Well, Maureen, the Church wouldn't be answering charges this week if irresponsible journalists weren't making unsupported claims, and writing vile columns based on smirks and cheap shots. It's not "spin" when you try to clear the record after newspaper reports have muddied it. "Spin" is when you churn out opinions without basing them on facts. You'd know about that, wouldn't you, Maureen?
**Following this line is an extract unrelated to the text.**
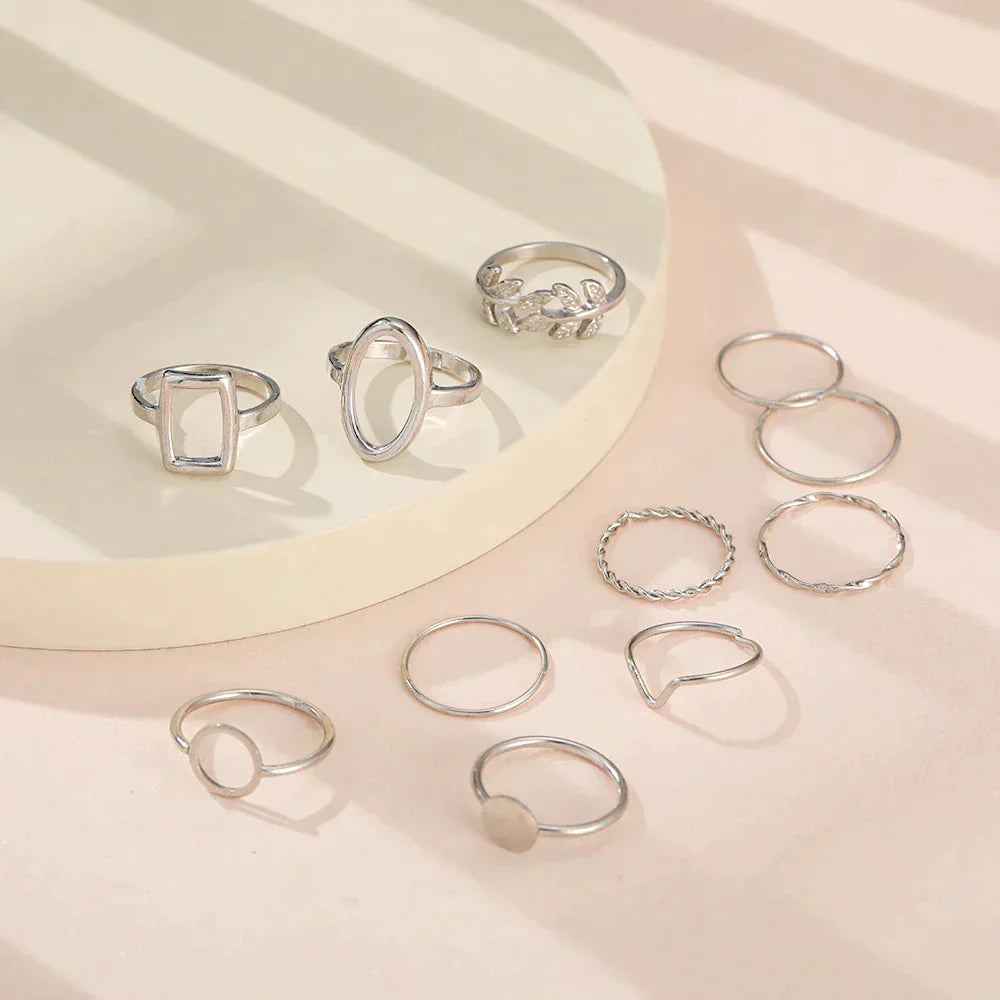 Pack of 11 Trendy Silver Rings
My son Joseph, writing for the American Spectator, notes that of the two New York Times assaults on the Pope-- one about the Milwaukee case, the other about the Munich case-- the Milwaukee case has been thoroughly debunked while the Munich case is now hanging by a thread. It's possible-- no longer probable, but still possible-- that there could be some justifiable criticism of the Pope for his handling of that Munich case. So real journalists (as opposed to calumny specialists) might want to continue prying into that story. Go for it, says Joseph:
Again, if the Times is on to something, the pope must be held accountable. But if not, the Times must be held similarly accountable for the damage it's done.
I'd make that deal. When all the facts are out, I'm betting that the Pope will be thoroughly exonerated. Then the Times should have the decency to print a front-page headline: "We Were Wrong." And Maureen Dowd should do the same. But I won't hold my breath waiting.